Boeadi's roundleaf bat
- Conservation status: Data Deficient (IUCN 3.1)

Scientific classification
- Kingdom: Animalia
- Phylum: Chordata
- Class: Mammalia
- Order: Chiroptera
- Family: Hipposideridae
- Genus: Macronycteris
- Species: H. boeadii
- Binomial name: Hipposideros boeadii Bates, Rossiter, Suyanto, Kingston, 2007

= Boeadi's roundleaf bat =

- Genus: Hipposideros
- Species: boeadii
- Authority: Bates, Rossiter, Suyanto, Kingston, 2007
- Conservation status: DD

Species of bat

Boeadi's roundleaf bat (Hipposideros boeadii) is a species of roundleaf bat found in Indonesia.
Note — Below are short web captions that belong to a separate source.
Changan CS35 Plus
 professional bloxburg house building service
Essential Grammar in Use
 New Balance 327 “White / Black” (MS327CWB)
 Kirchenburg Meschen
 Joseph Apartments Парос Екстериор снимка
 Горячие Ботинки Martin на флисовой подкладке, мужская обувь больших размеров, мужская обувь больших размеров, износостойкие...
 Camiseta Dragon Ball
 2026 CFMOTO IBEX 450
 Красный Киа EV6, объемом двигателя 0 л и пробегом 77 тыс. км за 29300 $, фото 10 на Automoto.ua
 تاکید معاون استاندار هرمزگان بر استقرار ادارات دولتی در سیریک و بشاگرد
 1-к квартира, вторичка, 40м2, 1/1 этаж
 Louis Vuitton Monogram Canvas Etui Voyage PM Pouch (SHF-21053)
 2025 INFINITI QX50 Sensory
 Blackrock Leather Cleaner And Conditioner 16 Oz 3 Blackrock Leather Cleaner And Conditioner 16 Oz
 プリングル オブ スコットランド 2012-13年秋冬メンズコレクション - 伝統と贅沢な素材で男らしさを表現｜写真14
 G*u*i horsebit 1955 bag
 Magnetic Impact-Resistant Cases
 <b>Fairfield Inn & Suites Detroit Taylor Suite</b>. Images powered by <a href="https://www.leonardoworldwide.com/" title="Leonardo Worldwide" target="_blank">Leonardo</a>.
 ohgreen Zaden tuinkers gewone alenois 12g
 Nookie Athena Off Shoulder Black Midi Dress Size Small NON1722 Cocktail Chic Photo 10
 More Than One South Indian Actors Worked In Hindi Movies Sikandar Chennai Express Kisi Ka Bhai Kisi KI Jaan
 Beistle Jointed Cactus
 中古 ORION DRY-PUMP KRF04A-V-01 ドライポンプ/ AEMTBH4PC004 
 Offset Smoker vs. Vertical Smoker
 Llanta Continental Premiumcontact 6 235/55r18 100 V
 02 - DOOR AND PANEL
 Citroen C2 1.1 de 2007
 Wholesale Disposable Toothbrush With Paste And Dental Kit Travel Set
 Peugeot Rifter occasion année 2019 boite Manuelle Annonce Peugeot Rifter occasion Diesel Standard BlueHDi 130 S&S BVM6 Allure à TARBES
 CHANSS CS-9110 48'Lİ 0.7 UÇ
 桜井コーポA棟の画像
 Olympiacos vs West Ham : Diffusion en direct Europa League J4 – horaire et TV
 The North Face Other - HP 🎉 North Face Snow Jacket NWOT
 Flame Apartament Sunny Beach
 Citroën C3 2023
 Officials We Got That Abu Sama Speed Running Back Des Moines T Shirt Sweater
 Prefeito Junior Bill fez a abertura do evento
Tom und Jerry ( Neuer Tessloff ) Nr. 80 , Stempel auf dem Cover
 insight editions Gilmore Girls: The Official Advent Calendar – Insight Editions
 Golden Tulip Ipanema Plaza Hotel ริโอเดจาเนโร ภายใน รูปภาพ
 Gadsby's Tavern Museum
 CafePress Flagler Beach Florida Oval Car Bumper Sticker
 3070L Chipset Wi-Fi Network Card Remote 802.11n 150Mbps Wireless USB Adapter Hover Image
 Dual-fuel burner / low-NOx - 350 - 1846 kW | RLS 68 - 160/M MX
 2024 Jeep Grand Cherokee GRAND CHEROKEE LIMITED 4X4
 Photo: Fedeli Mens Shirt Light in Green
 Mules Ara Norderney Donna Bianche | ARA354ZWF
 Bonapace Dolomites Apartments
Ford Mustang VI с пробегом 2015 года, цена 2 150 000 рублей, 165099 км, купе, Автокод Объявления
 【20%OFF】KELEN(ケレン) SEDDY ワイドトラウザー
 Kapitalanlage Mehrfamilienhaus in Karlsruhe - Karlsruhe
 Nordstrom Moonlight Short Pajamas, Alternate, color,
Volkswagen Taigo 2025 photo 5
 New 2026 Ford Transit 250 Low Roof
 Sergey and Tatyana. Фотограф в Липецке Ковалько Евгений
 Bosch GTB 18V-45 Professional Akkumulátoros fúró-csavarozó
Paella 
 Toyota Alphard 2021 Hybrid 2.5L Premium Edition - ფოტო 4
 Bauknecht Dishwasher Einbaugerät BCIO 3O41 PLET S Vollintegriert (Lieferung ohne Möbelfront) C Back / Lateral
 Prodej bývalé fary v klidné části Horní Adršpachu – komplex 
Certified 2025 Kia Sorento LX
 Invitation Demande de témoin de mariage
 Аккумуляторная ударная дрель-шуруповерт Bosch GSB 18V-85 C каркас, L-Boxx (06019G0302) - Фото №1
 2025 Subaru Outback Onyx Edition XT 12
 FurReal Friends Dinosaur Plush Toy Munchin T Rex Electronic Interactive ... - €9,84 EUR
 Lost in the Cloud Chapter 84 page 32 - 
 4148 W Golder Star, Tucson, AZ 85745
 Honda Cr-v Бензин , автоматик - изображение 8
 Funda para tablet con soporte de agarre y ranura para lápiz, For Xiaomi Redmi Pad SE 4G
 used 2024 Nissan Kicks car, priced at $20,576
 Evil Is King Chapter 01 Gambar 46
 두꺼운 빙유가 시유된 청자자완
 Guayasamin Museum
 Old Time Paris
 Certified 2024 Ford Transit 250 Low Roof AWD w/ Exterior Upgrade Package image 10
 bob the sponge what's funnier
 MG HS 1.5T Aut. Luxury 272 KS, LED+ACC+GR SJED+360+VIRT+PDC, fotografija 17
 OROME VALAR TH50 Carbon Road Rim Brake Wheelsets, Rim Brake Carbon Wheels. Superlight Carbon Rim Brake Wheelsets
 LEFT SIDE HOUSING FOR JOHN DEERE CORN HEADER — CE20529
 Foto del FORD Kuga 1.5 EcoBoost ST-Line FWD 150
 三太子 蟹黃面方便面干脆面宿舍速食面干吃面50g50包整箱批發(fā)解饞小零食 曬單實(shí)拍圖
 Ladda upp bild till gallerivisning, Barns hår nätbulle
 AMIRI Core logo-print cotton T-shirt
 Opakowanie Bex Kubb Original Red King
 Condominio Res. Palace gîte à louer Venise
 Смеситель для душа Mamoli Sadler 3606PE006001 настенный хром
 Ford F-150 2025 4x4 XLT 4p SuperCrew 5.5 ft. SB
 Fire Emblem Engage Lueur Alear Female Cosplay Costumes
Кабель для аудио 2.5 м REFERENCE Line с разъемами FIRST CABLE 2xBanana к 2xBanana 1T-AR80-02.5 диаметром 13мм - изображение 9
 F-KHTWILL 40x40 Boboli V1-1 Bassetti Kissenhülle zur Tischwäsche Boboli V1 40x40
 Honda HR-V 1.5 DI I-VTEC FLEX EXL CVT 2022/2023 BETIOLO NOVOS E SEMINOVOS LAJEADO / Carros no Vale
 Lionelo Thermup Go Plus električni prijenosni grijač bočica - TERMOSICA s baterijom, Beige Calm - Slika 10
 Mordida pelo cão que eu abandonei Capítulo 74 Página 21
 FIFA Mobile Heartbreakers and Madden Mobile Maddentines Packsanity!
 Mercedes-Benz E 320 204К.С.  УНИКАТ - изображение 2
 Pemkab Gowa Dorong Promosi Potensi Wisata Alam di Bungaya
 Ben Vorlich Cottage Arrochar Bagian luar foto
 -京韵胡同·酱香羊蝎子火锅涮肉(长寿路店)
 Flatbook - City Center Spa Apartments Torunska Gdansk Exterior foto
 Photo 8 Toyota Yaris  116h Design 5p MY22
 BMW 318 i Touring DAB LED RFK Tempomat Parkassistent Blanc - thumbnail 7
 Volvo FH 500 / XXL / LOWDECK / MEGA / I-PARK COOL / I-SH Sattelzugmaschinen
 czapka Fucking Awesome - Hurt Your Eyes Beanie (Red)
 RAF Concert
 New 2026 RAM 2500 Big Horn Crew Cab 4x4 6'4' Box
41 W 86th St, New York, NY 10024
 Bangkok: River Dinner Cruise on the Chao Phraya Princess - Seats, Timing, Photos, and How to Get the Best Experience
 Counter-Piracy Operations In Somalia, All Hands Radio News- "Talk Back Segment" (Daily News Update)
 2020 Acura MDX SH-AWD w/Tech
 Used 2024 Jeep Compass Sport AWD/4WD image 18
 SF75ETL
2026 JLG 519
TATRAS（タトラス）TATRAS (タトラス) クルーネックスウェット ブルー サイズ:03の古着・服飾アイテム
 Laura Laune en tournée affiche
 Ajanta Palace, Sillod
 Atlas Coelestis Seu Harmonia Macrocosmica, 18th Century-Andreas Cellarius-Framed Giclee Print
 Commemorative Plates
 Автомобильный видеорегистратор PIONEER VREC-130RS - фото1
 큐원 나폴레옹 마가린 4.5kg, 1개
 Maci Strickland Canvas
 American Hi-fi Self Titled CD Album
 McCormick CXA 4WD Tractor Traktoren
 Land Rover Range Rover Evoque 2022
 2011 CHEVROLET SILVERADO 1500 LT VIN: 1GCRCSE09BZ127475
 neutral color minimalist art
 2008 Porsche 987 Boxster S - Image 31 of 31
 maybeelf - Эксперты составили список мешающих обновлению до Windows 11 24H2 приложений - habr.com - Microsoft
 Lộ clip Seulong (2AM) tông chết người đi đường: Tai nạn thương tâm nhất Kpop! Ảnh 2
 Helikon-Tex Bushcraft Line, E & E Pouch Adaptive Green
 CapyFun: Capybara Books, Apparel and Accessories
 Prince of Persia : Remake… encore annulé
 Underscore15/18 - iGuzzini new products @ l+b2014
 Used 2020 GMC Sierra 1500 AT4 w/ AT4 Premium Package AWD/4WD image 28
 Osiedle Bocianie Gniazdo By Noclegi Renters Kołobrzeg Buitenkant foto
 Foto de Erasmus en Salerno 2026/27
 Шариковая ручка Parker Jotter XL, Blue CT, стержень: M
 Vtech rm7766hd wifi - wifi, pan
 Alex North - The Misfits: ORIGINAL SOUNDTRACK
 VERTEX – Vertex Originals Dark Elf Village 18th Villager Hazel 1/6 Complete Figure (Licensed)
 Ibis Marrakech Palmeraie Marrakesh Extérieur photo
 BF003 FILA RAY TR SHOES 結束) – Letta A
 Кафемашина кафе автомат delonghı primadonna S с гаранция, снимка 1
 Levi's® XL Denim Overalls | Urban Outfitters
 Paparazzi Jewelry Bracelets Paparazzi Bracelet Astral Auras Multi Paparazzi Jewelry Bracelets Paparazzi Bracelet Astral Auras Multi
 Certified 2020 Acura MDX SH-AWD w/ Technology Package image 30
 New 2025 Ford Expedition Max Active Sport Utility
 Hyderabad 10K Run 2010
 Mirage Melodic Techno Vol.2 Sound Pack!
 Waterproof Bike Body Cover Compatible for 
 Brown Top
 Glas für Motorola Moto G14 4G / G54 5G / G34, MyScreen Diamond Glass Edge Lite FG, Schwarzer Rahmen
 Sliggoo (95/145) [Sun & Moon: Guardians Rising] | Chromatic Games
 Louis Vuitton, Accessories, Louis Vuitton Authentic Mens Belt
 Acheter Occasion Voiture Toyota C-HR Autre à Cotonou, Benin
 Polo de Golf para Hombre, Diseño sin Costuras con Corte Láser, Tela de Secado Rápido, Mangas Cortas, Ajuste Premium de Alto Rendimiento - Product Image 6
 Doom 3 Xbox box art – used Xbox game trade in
==Taxonomy and etymology==
Boeadi's roundleaf bat was described as a new species in 2007. The holotype, an adult female, was collected in August 2000 on Sulawesi. The eponym for the species name "boeadii" is Indonesian zoologist Boeadi, "in recognition of his long-standing contribution to bat research in Indonesia."

==Description==
It is a small- to medium-sized roundleaf bat, with a forearm length of 40.5-42.7 mm and a weight of 6.8-8.5 g. Its fur is reddish-brown over its whole body. Its ears, nose-leaf, and flight membranes are all dark brown or blackish.

==Range and habitat==
The type locality of this species is Rawa Aopa Watumohai National Park in Indonesia. All individuals of the type series were documented in lowland rainforest, 1-4 km from savanna habitat. Its estimated extent of occurrence is 382 km2.

==Conservation==
As of 2016, Boeadi's roundleaf bat is listed as a data deficient species by the IUCN. Any threats that this species faces are unknown.